A Gulf Coast marketer observed that quotes fell for most of the morning before recovering a bit near the end of trading. The mini-rallies may have been related to the short-covering rebound in crude oil futures, he said, but he also thought the cash market got oversold “because people were expecting even bigger drops than actually occurred,” then had to pay up a little in the late going to cover their supply obligations. He noted that things got a little confusing Friday; not only was he trading for Tuesday on a Friday, but “I also had some intraday deals to do through the end of the month.”

The marketer wasn’t sure if he really expected much softening this week. Yes, cooling load is likely to be down a little in the East, but there may still be enough to keep cash prices trading mostly sideways, he said.

Florida Gas Transmission made it a full week Friday of having an Overage Alert Day notice in effect for its market area (the notice was initiated May 22), but production-area prices into the pipe still fell about a dime.

The 2004 Atlantic hurricane season was expected to begin Tuesday with no substantive tropical activity.

In his initial estimation for the next storage report, Citigroup analyst Kyle Cooper said he looks for an injection “somewhat smaller than [the 89 Bcf in last Thursday’s report], but probably still above 80 Bcf.”

One source, noting the New York Mercantile Exchange’s announcement that beginning Monday evening it would extend the listings for its Houston Ship Channel natural gas basis swap futures contract through December 2007 from the previous June 2007, commented that he thinks a major reason why the cash market has been more closely tied to the futures market over the past year or so has been the success of Nymex’s basis swap contracts “…and probably the absence of EnronOnline. I hear the volume on these basis contracts has grown substantially.”

A western buyer said he didn’t trade much at fixed prices for the June bidweek. “Things ran up [through about midweek] and then fell, and it was more convenient for us to pick up the index-minus deals after the falloff.

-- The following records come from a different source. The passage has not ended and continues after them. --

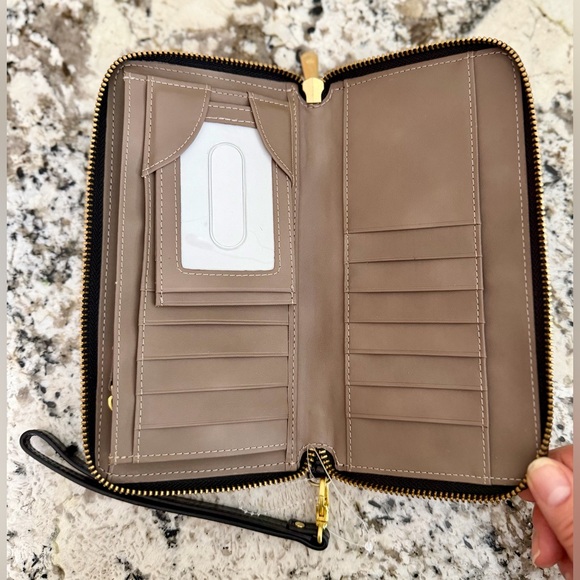 NEW Silpada Black Patent Leather Zip Around Clutch Wallet (2017) - Picture 3 of 8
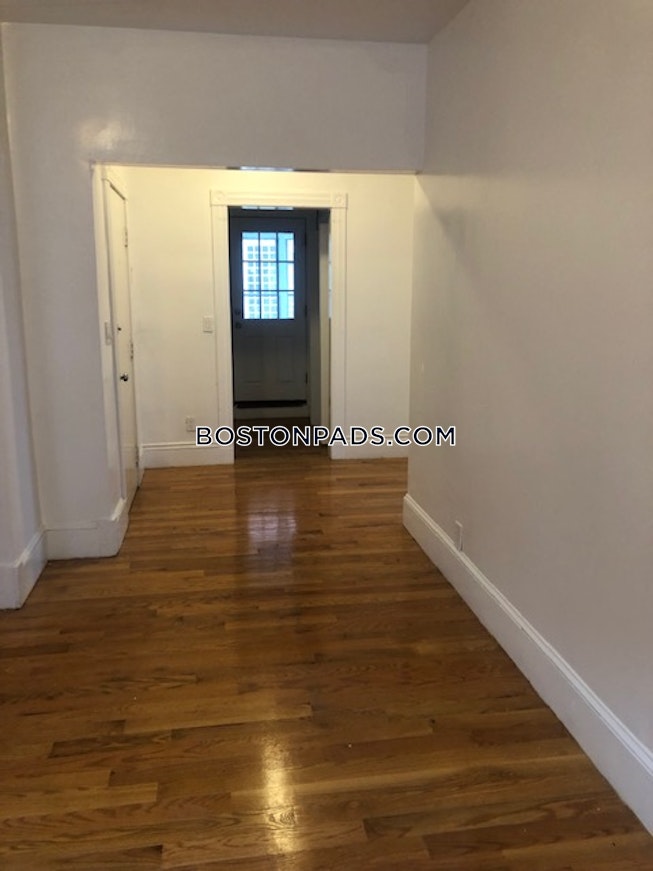 Boston - $3,418+ /mo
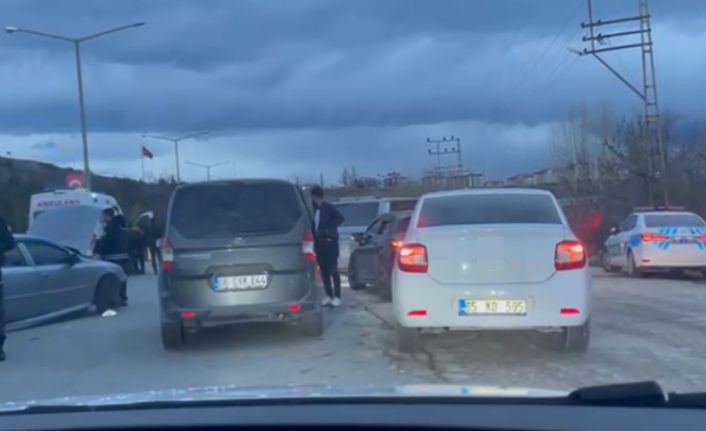 Erciş’te trafik kazası: 2 yaralı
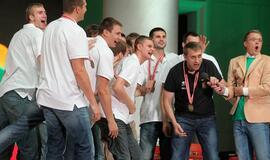 Lietuva pasitiko savo didvyrius - bronzą iškovojusią rinktinę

The [Southwest] basins were trading a lot of index minus 4s and 5s after the screen fall.” He reported seeing Permian Basin trade as high as $6.30 while the screen was still rising when it had been just over $6 earlier, so there was a pretty wide Permian range. San Juan-Blanco didn’t see as large a range, going from $5.65 to $5.75 during the same time frame, he said. “The reason for that is that not as many people trade fixed-price Blanco as they do Permian, and no one panicked.”